RAC road safety spokesman Pete Williams said: “A 3% reduction in seriously injured casualties from drink-drive accidents is a significant and positive move in the right direction, but the number of fatalities from these accidents has remained stubbornly static between 2010 and 2014.
“We need as a society to break through this plateau and once again consistently reduce needless, alcohol-related road deaths in the coming years. That means both renewed efforts from law enforcement and changes in attitudes from individual motorists who are prepared to break the law in this way, as well as their families and friends who may be able to prevent them getting behind the wheel.
“We are concerned that the acknowledged reduction in the number of roads policing officers in England and Wales may have an adverse impact on the effectiveness of drink-drive law enforcement.

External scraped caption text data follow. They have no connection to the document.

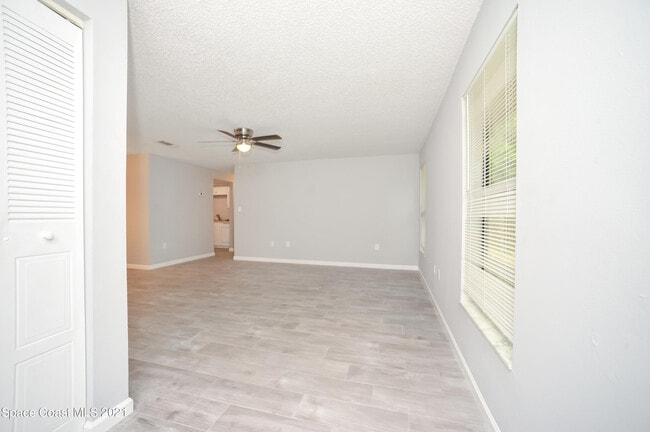Building Photo - 334 Sun Dial Ct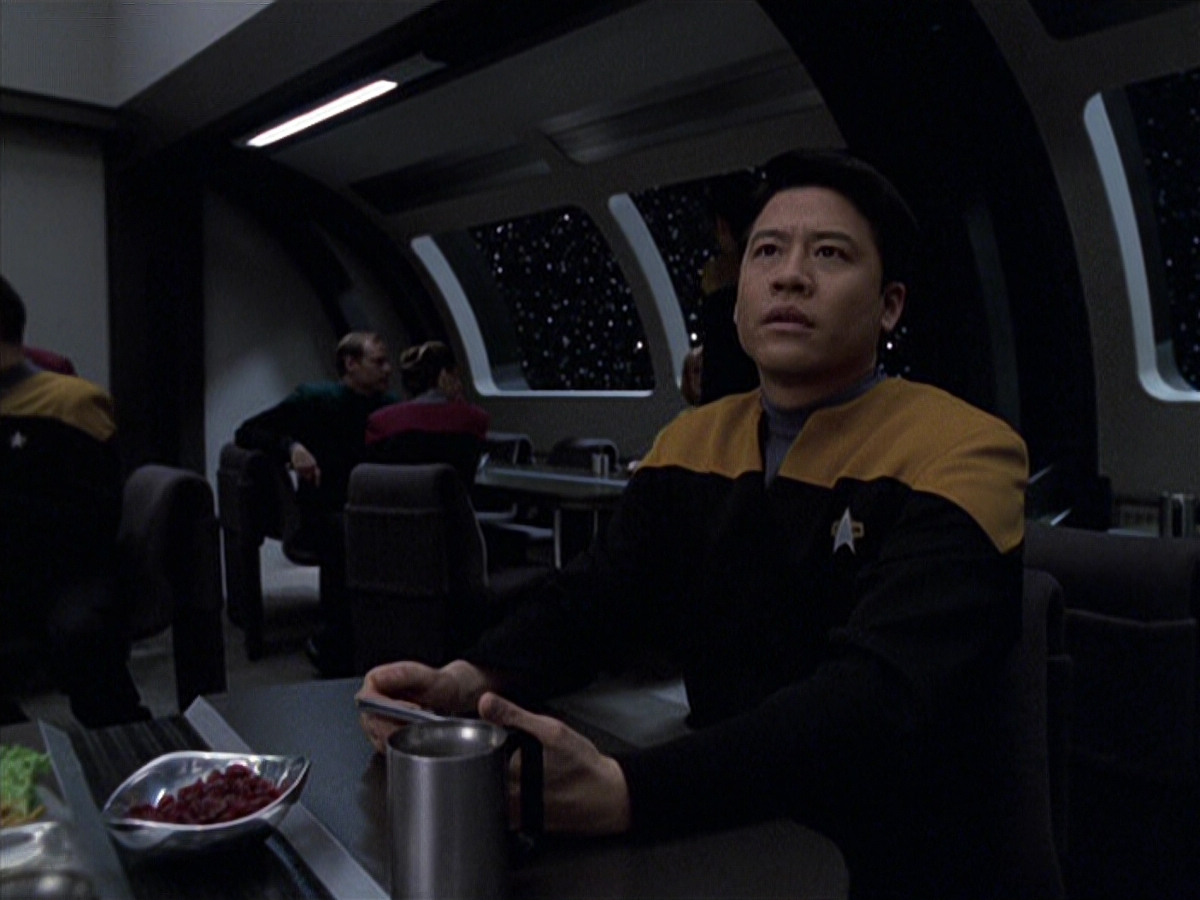 extant_StarTrek_VOY_6x25-TheHauntingOfDeckTwelve_01652.jpg
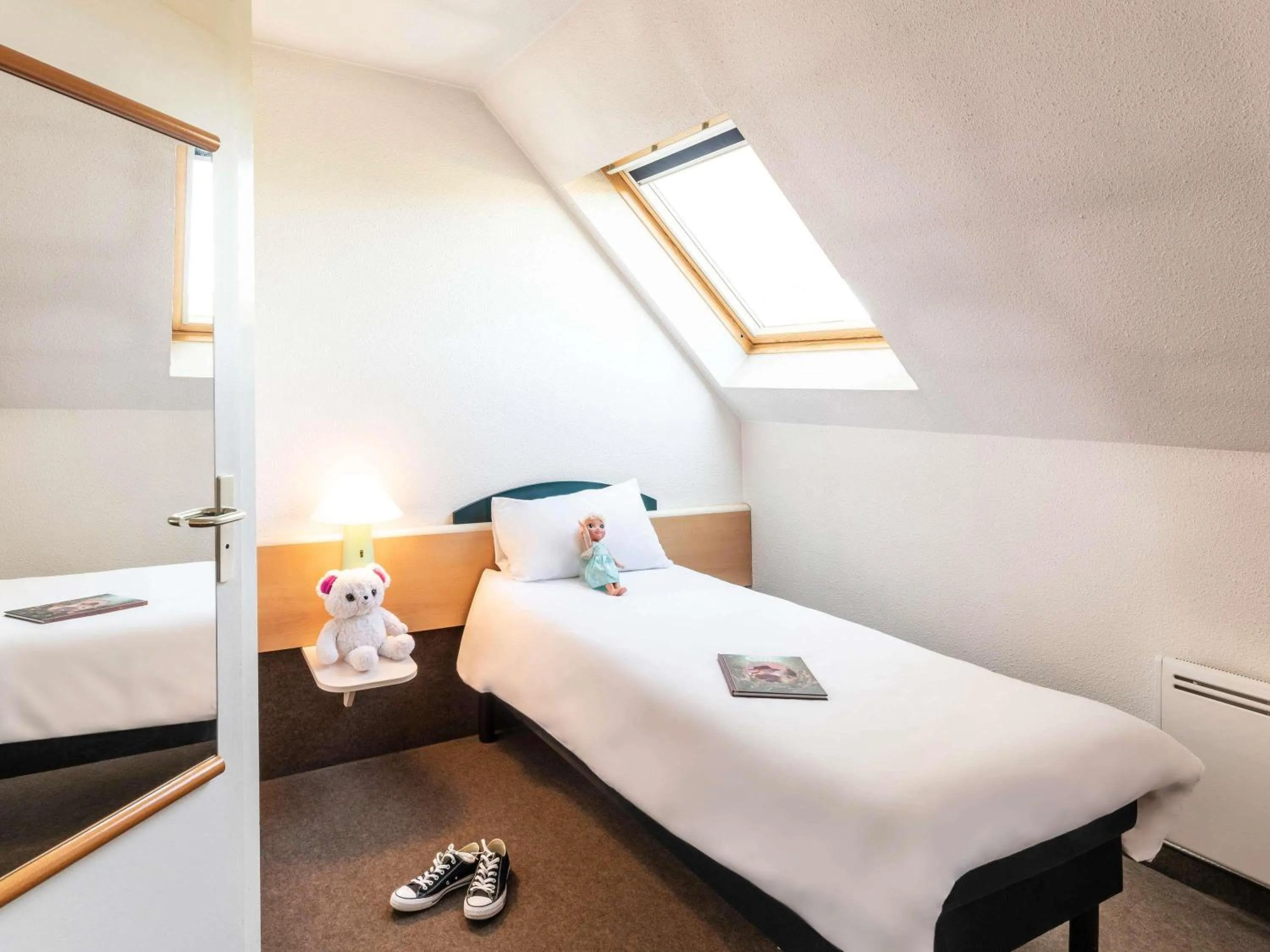 Bedroom, Bed in ibis Creil Sur Oise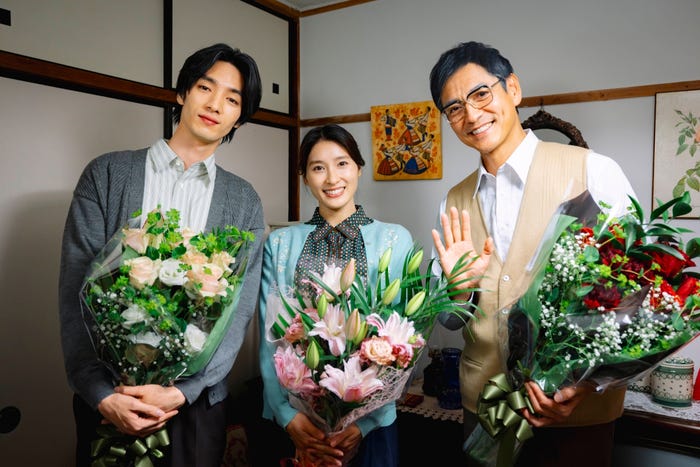 清水尋也、土屋太鳳、沢村一樹(C)TBS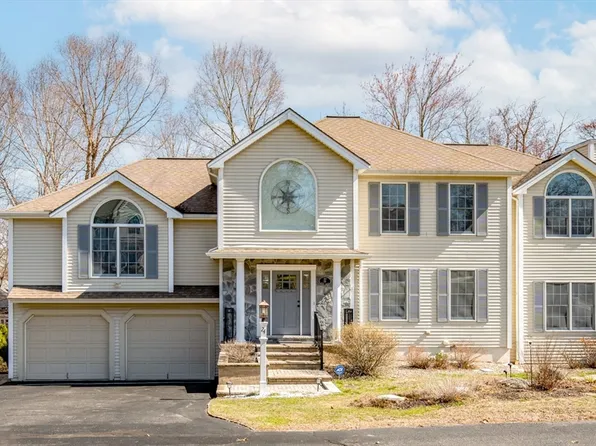 24 Lucey Dr, Newburyport, MA 01950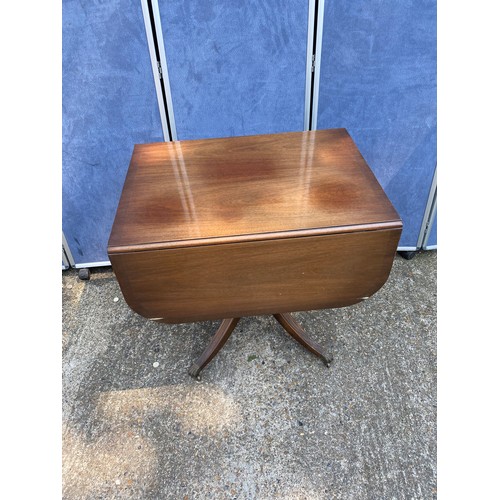 319 - 20th Century Mahogany drop leaf pedestal table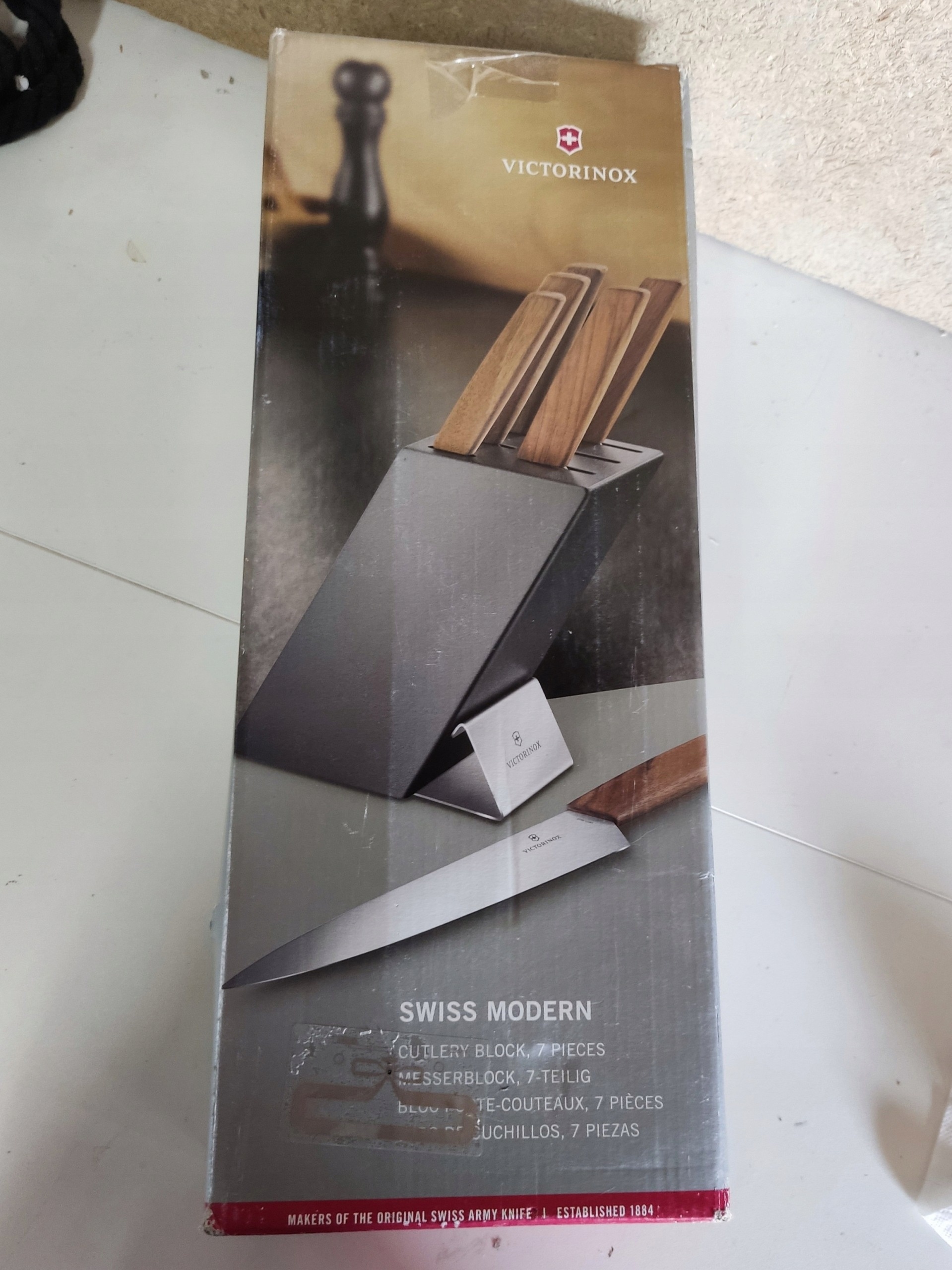 Victorinox Swiss Modern zestaw 6 noży kuchennych + blok 7 el. drewno — zdjęcie 3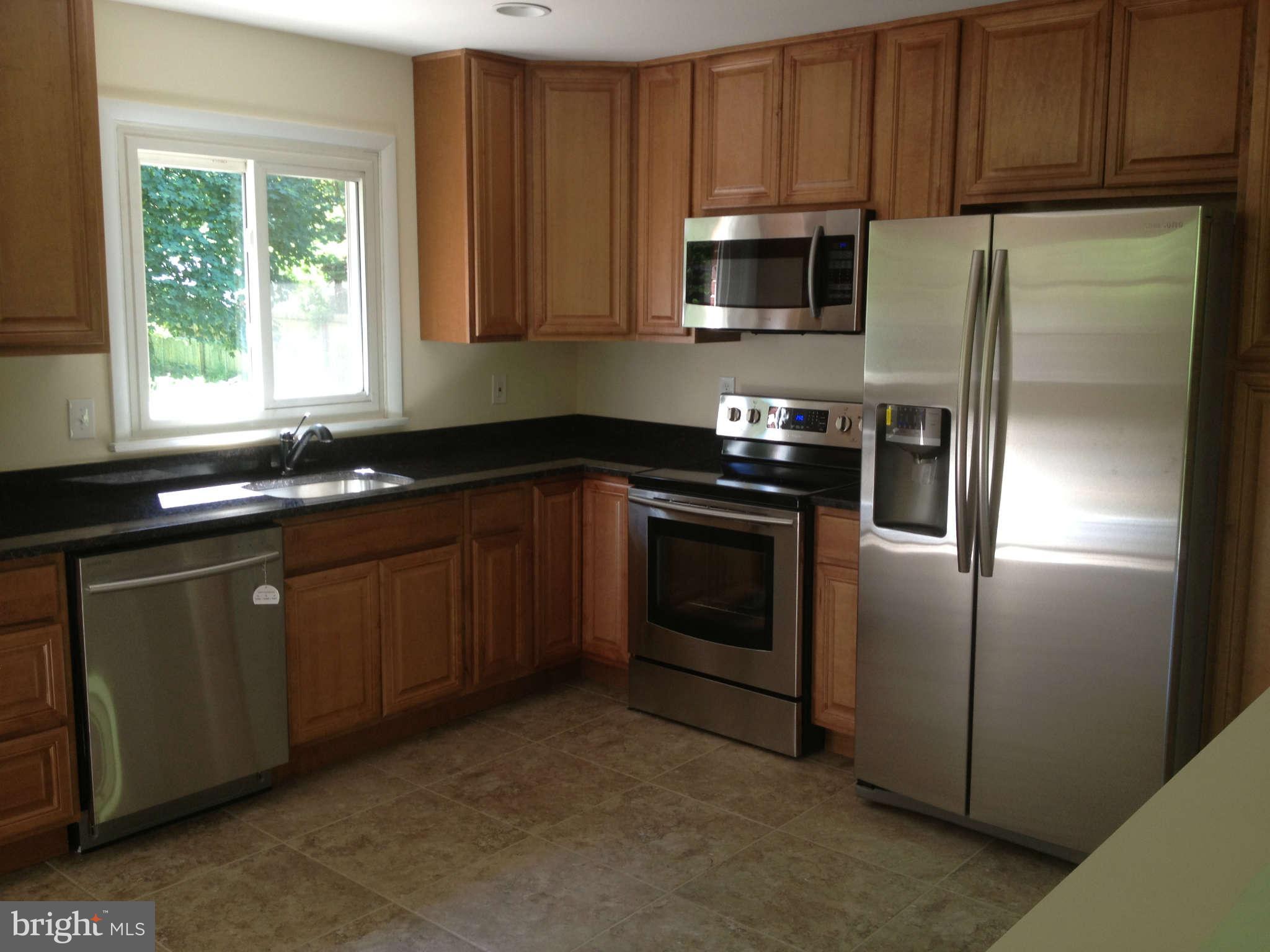 10053 Fox Den Road Ellicott City, MD 21042 - Photo 3 of 24 Kitchen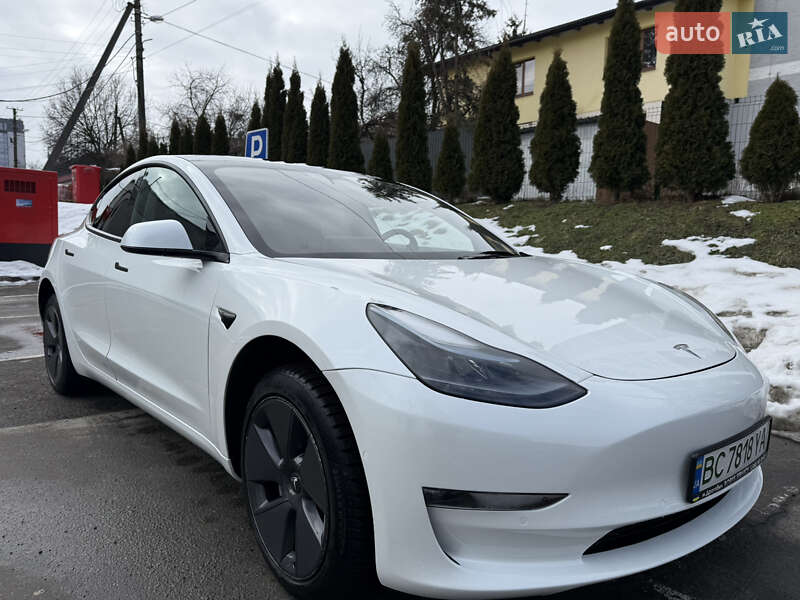 Седан Tesla Model 3 2021 в Львове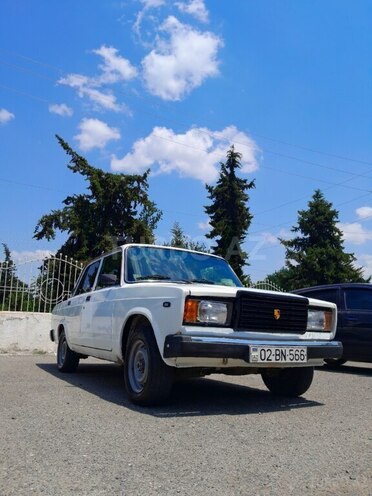 LADA (VAZ) 2107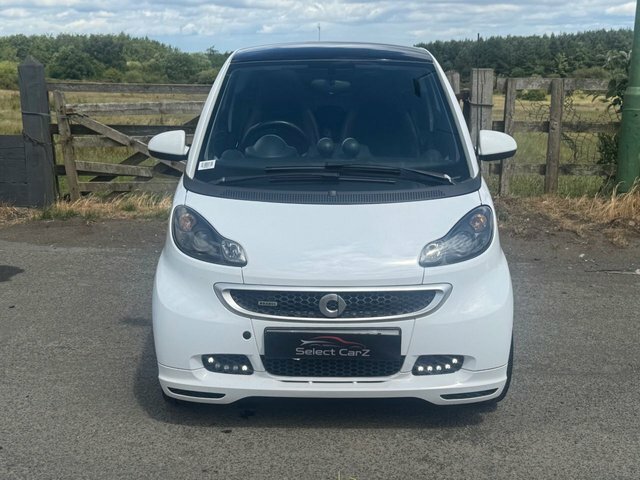 Smart Fortwo Coupe 2013 1.0 Brabus Xclusive Coupe Softtouc AK13ZWA White #3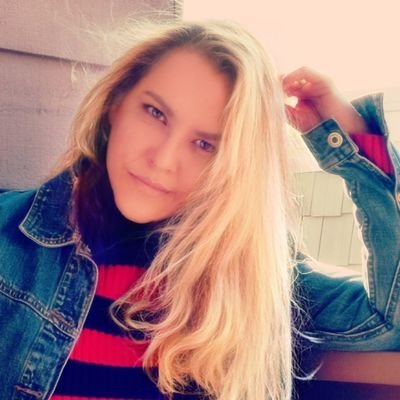 vlanegil's profile picture. Mother 🎁 #Photographer 📷 #FineArts, #Illustrations 🎨✒ #Amwriting - Lover of #Books, #Art, #Music, #Coffee, #food & #Science.

🚫 No DMs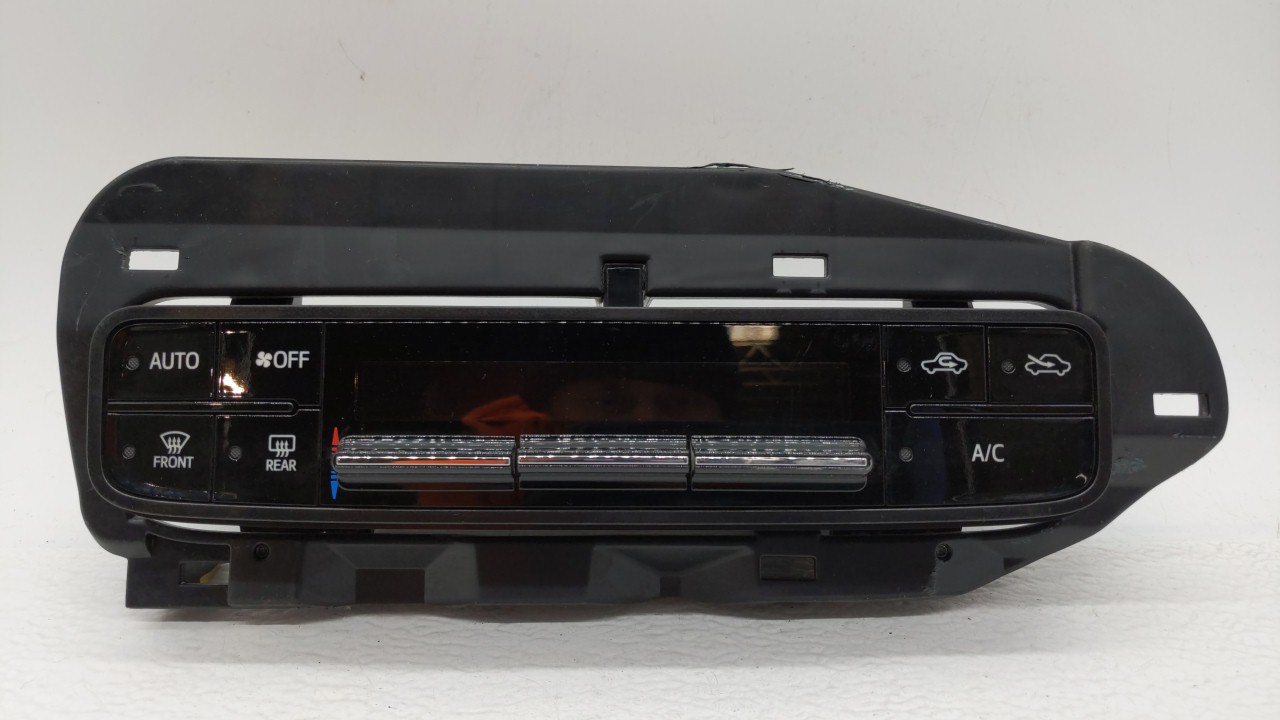 2017-2019 Toyota Corolla Ac Heater Climate Control 55468-02060 168271 - Oemusedautoparts1.com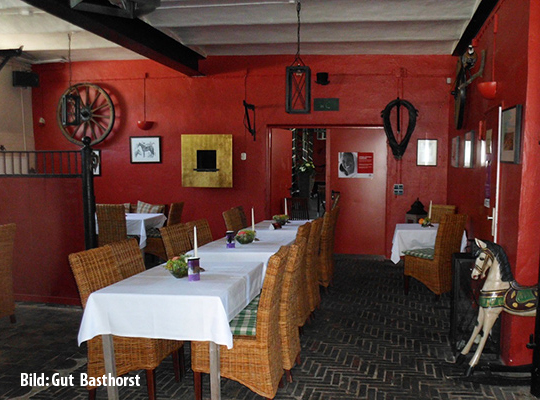 Rustikales gemütliches Restaurant beim Tatort Basthorst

“Despite this, further consideration should also be given to adopting the new reduced Scottish legal alcohol limit for driving in the rest of the UK.
“There is also no question that we would benefit as a society from a high-profile anti-drink-drive public awareness campaign, the likes of which have proved successful in the past in helping to change this kind of behaviour on a long-term basis.”
The Parliamentary Advisory Council for Transport Safety (PACTS) also expressed concerns over the figures.
Executive director David Davies said PACTS supports:
- An increase in drink-drive education and publicity by the DfT;
- More support from the pub and drink industry to promote alcohol-free drinks and named driver campaigns;
- Better enforcement of drink driving by the police;
- Type approval by the Home Office of mobile evidential breath test equipment;
- A lower drink-drive limit in England and Wales, as in Scotland and (soon) Northern Ireland;
- An overhaul by the MoJ of the provision of drink drive rehabilitation courses;
- Full analysis of the impact of the lower limit in Scotland.”
He added: “A separate issue that is becoming increasingly evident is the vulnerability of the entire casualty reporting system to lack of prioritisation by some police forces. The Home Office needs to make clear that accurate and timely reporting is essential.”